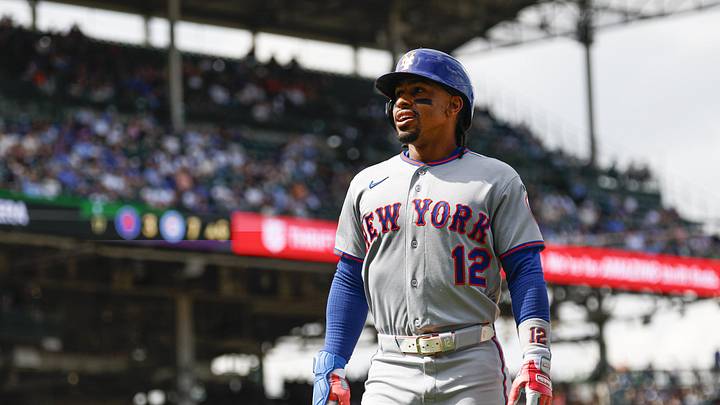Mets shortstop Francisco Lindor (12) walks back to the dugout after batting against the Cubs during the sixth inning.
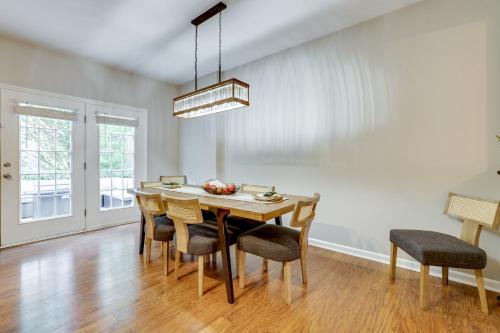 a dining room with a table and chairs at Playroom and Home Office Family Retreat in Mauldin! in Mauldin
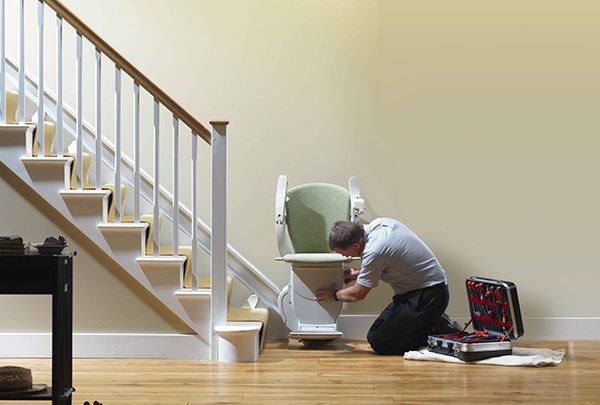 technician installing a stairlift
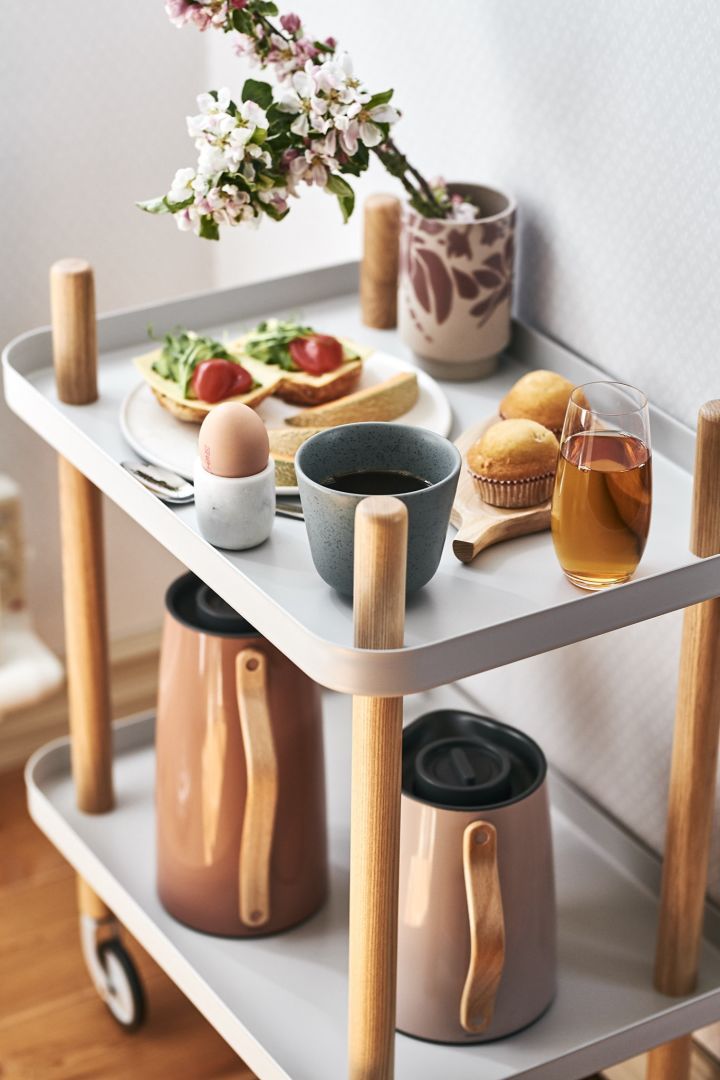 A real luxury breakfast with coffee, eggs and sandwiches is served on a side table for a delicious breakfast in bed.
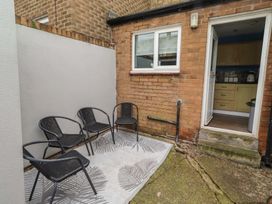A garden with chairs and a doorway at 23 Northumbria Terrace Amble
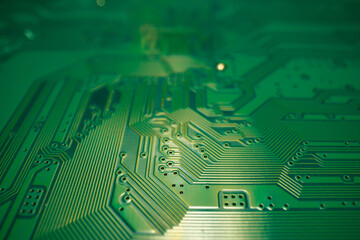 Circuit board. Technological electronic plate with roads and other components, selective focus. Technology background, electronics texture.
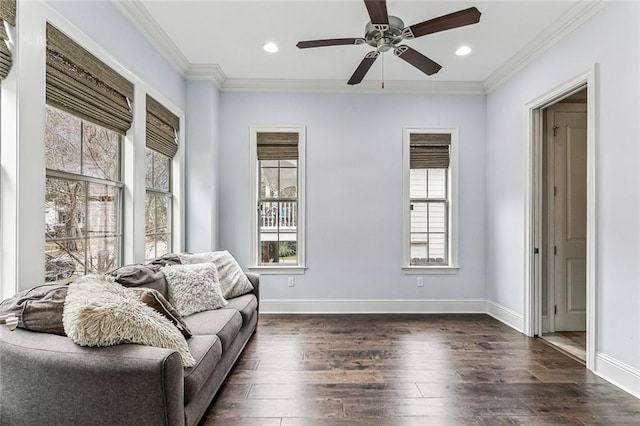 living room with crown molding, ceiling fan, and dark hardwood / wood-style floors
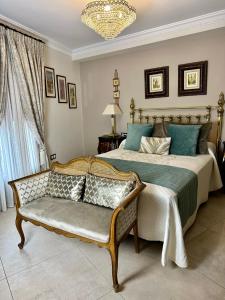 a bedroom with a bed and a couch and a chandelier at Hotel Boutique Casa Veracruz in Estepona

------

TASK DIRECTIONS - Leave the pictures out and repeat exactly the lines from the beginning of the records to the line bearing "A garden with", both ends counted.

ANSWER BOX -
Mets shortstop Francisco Lindor (12) walks back to the dugout after batting against the Cubs during the sixth inning.
 a dining room with a table and chairs at Playroom and Home Office Family Retreat in Mauldin! in Mauldin
 technician installing a stairlift
 A real luxury breakfast with coffee, eggs and sandwiches is served on a side table for a delicious breakfast in bed.
A garden with chairs and a doorway at 23 Northumbria Terrace Amble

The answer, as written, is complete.